The process, a very important revenue generation process, is however already embroiled in controversy due to the manner it was being handled.
Sources faulted the Federal Government for selecting a company with a dented reputation overseas for the job. Available documents indicate that the “preferred company” was in 2023 found guilty of “organisational deficiencies” and bribery by a Swiss court and fined.
Stakeholders are consequently raising the red flags over the procedure allegedly being adopted by both the Federal Government and ICRC for the selection of the company for the implementation.
Specifically, the disagreement revolves around picking the company without any competitive bidding.
Those against the process are relying on a statement from the Federal Prosecutor’s Office, Switzerland, dated 27th April, 2023, which fined the suspected company $90.6 million, “due to organisational deficiencies,” and bribery of foreign nationals where they executed contracts.
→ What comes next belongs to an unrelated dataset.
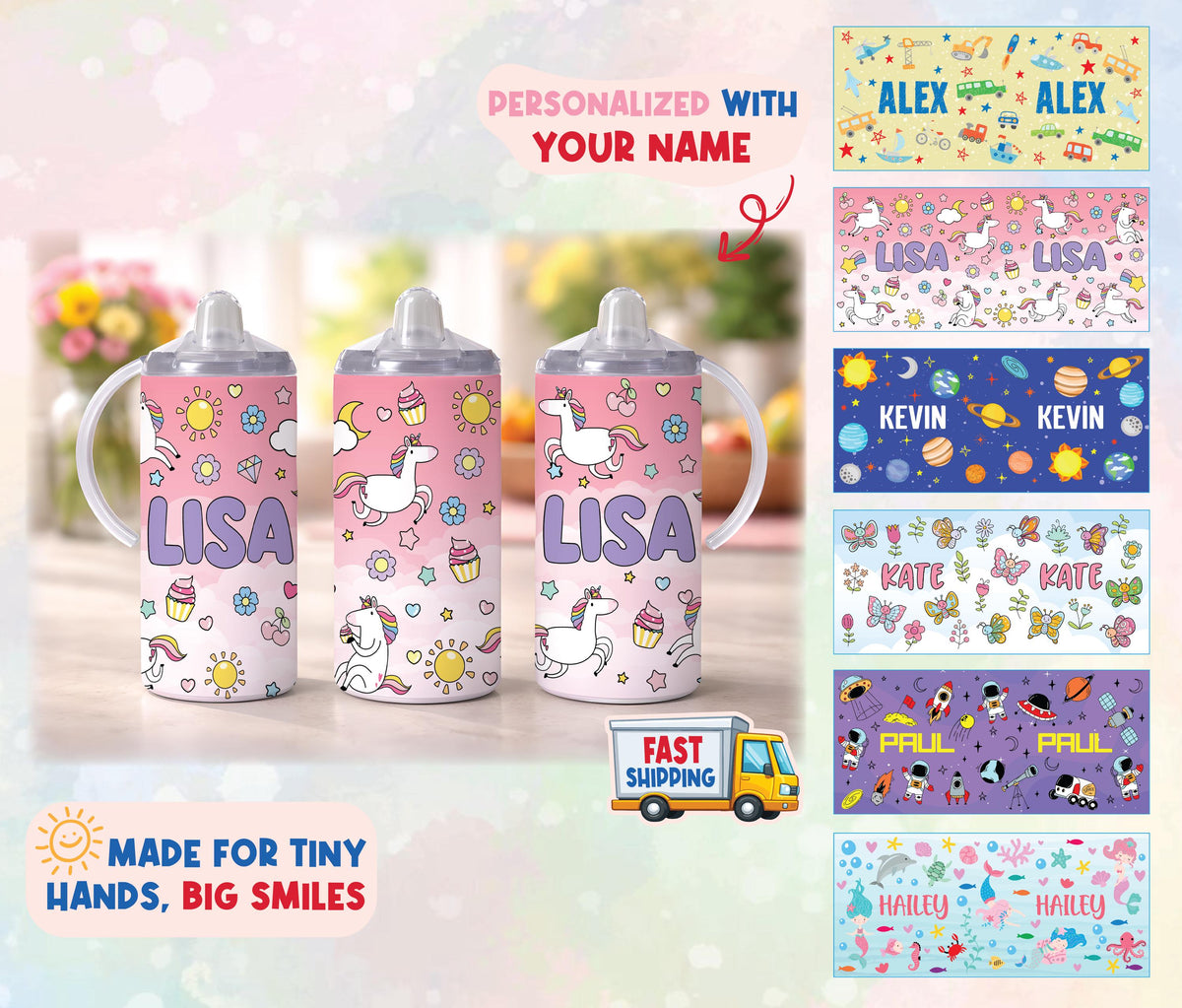Personalized Pink Unicorn Toddler Cup, Kids Training Sippy Cup Water Bottle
Sources told New National Star at the weekend in Abuja, that for some months now, representatives of the Swiss company have been in Nigeria, “fraternising with top bureaucratic and political leaders, on their expertise and experiences,” but failed to disclose that their company has severe image and reputation issues back home.
Further investigations show that the company was indicted in similar activities (stamp duty contracts) in its home country, Switzerland, of fraudulently bribing government agents in countries where it carried out business and was subsequently fined.
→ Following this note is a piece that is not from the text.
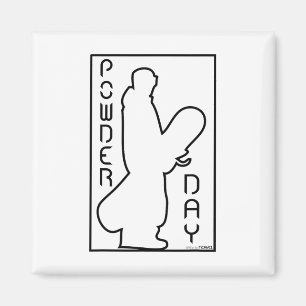 Ski Winter Snow Powdertage-Logo für Snowboard Ski Magnet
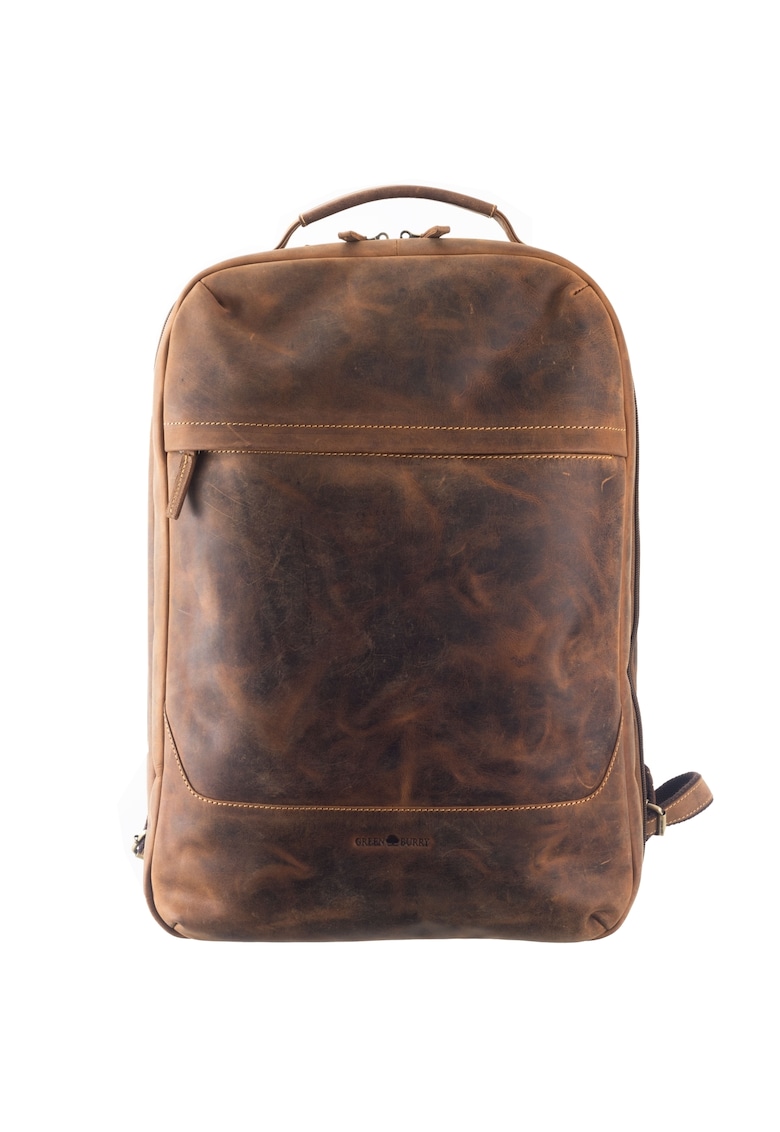 Rucsac Overnighter unisex piele naturala maro antichizat 34 x 48 x 16 cm - Vintage -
Findings from the Communications Service at the Office of the Attorney-General of Switzerland (OAG) show that the company was slammed “with a penalty order issued in accordance with Art. 102 para. 2 SCC in conjunction with Art. 322septies SCC”.
“The OAG has accordingly ordered the company to pay a fine of CHF 1 million and imposed an equivalent claim for compensation amounting to CHF 80 million under Art. 71 para. 1 SCC,” it stated.
The said manager of the company was sentenced to a conditional prison term of 170 days.
“The order states that he paid bribes to high-ranking officials in the Colombian and Venezuelan markets between 2009 and 2011,” the sources added.
It was reported that the Federal Prosecutor in Switzerland had initiated criminal proceedings against SICPA, which specialises in security inks for currencies and documents, in 2015 following a request for legal assistance.
Investigations revealed that the company offered bribes in Brazil, Venezuela and Colombia and is currently undergoing probes in Egypt, the Philippines, India, Kazakhstan, Pakistan, Senegal, Vietnam, Ukraine, Zambia and Malawi.
It was also gathered that the Kenyan Parliament had summoned the Kenya Revenue Authority (KRA) over a tender for the supply of excise stamps following reports that the same company had been slammed with a Sh2.5 billion fine for bribing foreign public officials in the conduct of business.
Despite all these, the company had allegedly been awarded a track-and-trace contract by the Federal Government of Nigeria amidst the firm’s reputation, which is tainted by allegations of systemic illegal practices and investigations in several countries.
Questions also center on how the company allegedly obtained a “No Objection” certification from the ICRC.
Efforts to get officials of the ICRC to confirm or deny the report proved abortive as at press time.